By Caroline Barkowitz
I grew up in a liberal household where my parents told me to be what I wanted and to not change for anyone. I was a gay rights activist by the time I was 4 years old, talking openly with anyone who would listen about the passage of Massachusetts’ marriage equality law.
When I was in the fourth grade, my sister came home from school and told me about an amazing event called the Day of Silence. A national event created by the Gay, Lesbian & Straight Education Network (GLSEN), the Day of Silence encourages students around the country to “raise awareness about the silencing effect of anti-LGBT bullying, harassment and discrimination” by staying silent for an entire day.
Even at age 9, given my interest in LGBT equality, I wanted to partake in this event, too. My sister and I researched the event and found printable cards to show our teachers when they called on us during class. By this point in my life, I knew that some people weren’t as comfortable as I was with LGBT issues, so I made my own card, which focused more on bullying in general and was not focused solely on gay rights. Some of my classmates even joined me in not talking for the whole day.
I participated in the event on my own again in fifth grade, but in sixth grade, I was ready for more. In order to become a bat mitzvah at my synagogue, Temple Beth Elohim in Wellesley, MA, I was required to do a community service project. There were plenty of options, but none of them excited me as much as the idea of working with an organization I was interested in.
This desire, along with some parental guidance, lead me to Keshet, a Boston-based organization that works for the full inclusion of lesbian, gay, bisexual, and transgender Jews in Jewish life. I shared with them my big idea: making Day of Silence an official event at my middle school.
The Keshet staff was completely on board and ready to help me with anything I needed. They guided me in speaking to my principal about my idea, who, it turned out, could not have been more excited. Day of Silence at Dedham Middle School officially made it onto her “to-do” list, and she was thrilled to support me in making it happen.
There were some bumps in the road along the way. I worked with a teacher and a small group of students, but my co-leader soon quit, saying she refused to take part in anything that supported queer people. We made posters advertising the event, making it clear that this was to support teens who were getting bullied for being queer, but when we began to hang them up, an adult working at the school stopped us. She told us parent/teacher conferences were that night and they didn’t want parents thinking the school supported gay rights. I was upset, but we put the posters back up the next day, telling her that the principal had given us permission and that we were going to put them up no matter what.
When the Day of Silence arrived, I nervously prepared my speech for the assembly to kick of the event. Seventy-five students had committed to participating – but when the auditorium doors opened on that dreary Wednesday morning in April, 250 kids filed in. I couldn’t believe my eyes: 250 kids, all there to stand up and make a difference! Most of them stayed silent the whole day, and at the closing assembly, when we did a silent countdown, I felt more proud than I ever thought I could be. My principal even shared with me an email from an openly gay former student whose sister told him about the event. He thanked me for helping to make our school a more accepting community, and that was when I knew I’d had the impact I wanted.
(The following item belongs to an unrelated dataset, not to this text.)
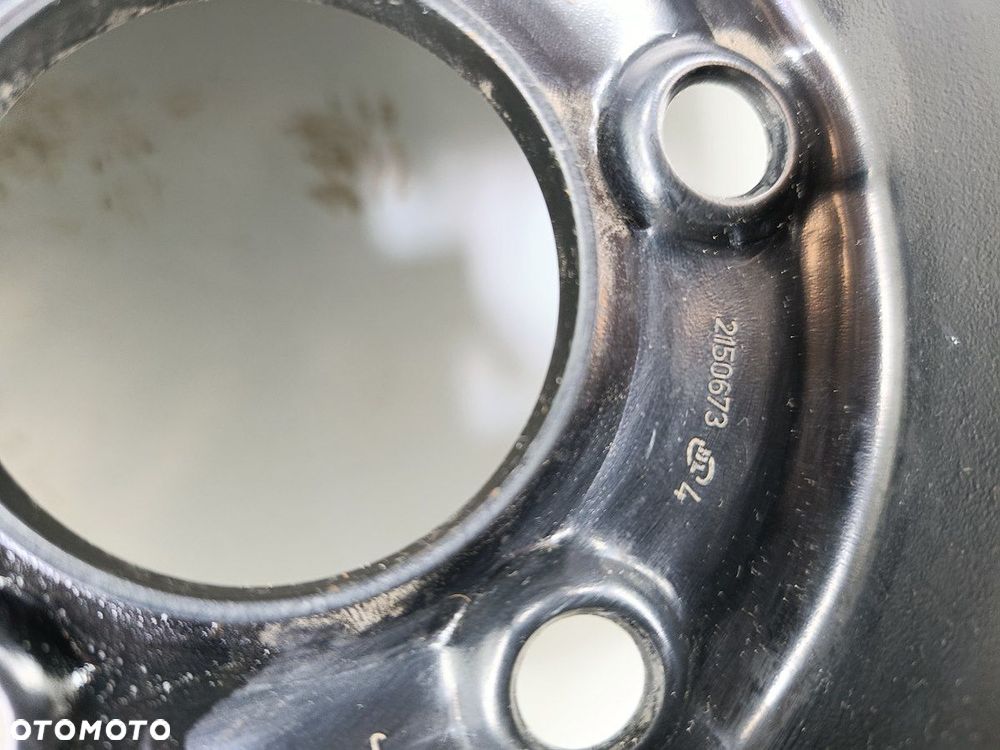 KOŁO DOJAZDOWE 15'' HYUNDAI I30 II 125/80R15   52910-1H900 - 4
Since then, what began as a bat mitzvah project has turned into much more. The next year, even more kids participated – and I’ve since turned my passion into action by participating in the first-ever LGBTQA Jewish Teen Shabbaton in 2012 (and again in 2013), sponsored by Keshet. I’m helping plant this year’s 2014 Shabbaton, and I invite you to come be a part of it.
The continued support of Keshet, my family, and so many people at school even gave me the courage to come out publicly as bisexual. The Talmud teaches,
“That which is hateful to you, do not do to your fellow. That is the whole Torah; the rest is commentary.”
I don’t think there was ever a time in my life where this concept was more present. To me, this passage tells us to respect others no matter who they are or who they want to be — and to live life not for yourself but for each other.
Caroline Barkowitz is a student in the Dedham public school system in Dedham, MA, and is a part of Temple Beth Elohim’s Hayayah program. She is also a member of her temple’s youth group, BELY, and is active in NFTY. She loves musical theater and has a passion for video and photography.